* [Task requirements]: The entries below hold a line with "Mens Sage Green" and a line with "Modern High-End Living". Return those lines and all that lie between them, exactly and only.

Recorded data
※ ※ ※

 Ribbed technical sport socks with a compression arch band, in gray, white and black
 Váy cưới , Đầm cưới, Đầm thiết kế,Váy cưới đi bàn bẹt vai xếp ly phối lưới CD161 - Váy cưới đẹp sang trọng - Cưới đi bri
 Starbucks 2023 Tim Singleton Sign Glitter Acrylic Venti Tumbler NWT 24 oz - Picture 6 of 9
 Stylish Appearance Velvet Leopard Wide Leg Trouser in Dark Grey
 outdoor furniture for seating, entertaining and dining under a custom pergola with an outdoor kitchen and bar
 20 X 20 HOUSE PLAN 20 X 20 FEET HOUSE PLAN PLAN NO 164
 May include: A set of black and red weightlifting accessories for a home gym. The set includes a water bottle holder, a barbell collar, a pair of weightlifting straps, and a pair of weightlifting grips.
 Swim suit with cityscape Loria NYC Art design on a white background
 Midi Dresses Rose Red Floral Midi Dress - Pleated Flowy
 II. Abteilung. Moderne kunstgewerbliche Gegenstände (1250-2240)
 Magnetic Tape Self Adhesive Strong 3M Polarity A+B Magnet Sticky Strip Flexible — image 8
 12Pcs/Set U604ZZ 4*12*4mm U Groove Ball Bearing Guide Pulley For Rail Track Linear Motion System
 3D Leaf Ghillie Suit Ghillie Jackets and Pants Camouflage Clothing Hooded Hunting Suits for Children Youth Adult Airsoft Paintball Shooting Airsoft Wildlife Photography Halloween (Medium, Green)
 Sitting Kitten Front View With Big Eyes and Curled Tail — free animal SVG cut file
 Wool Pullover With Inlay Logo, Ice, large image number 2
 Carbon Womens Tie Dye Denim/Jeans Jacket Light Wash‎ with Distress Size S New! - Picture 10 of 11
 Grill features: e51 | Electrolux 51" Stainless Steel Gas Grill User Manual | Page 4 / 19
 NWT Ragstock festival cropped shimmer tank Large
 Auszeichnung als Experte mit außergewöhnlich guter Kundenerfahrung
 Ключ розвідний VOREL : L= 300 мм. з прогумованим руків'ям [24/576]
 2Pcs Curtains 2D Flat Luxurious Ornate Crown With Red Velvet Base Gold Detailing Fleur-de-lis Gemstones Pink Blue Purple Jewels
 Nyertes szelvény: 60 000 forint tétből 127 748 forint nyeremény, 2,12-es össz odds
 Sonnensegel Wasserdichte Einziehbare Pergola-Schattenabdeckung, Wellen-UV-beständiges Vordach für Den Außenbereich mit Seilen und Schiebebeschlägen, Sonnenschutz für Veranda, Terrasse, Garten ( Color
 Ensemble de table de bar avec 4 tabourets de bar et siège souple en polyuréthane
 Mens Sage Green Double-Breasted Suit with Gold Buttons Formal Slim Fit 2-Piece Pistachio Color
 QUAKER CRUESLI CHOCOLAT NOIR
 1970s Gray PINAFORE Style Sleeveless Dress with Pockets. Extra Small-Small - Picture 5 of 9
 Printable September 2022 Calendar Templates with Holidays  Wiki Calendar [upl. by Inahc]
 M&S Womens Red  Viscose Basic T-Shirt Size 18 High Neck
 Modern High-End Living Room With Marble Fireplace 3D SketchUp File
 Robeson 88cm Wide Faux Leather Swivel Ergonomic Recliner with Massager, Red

※ ※ ※

* [Answer area]:
 Mens Sage Green Double-Breasted Suit with Gold Buttons Formal Slim Fit 2-Piece Pistachio Color
 QUAKER CRUESLI CHOCOLAT NOIR
 1970s Gray PINAFORE Style Sleeveless Dress with Pockets. Extra Small-Small - Picture 5 of 9
 Printable September 2022 Calendar Templates with Holidays  Wiki Calendar [upl. by Inahc]
 M&S Womens Red  Viscose Basic T-Shirt Size 18 High Neck
 Modern High-End Living Room With Marble Fireplace 3D SketchUp File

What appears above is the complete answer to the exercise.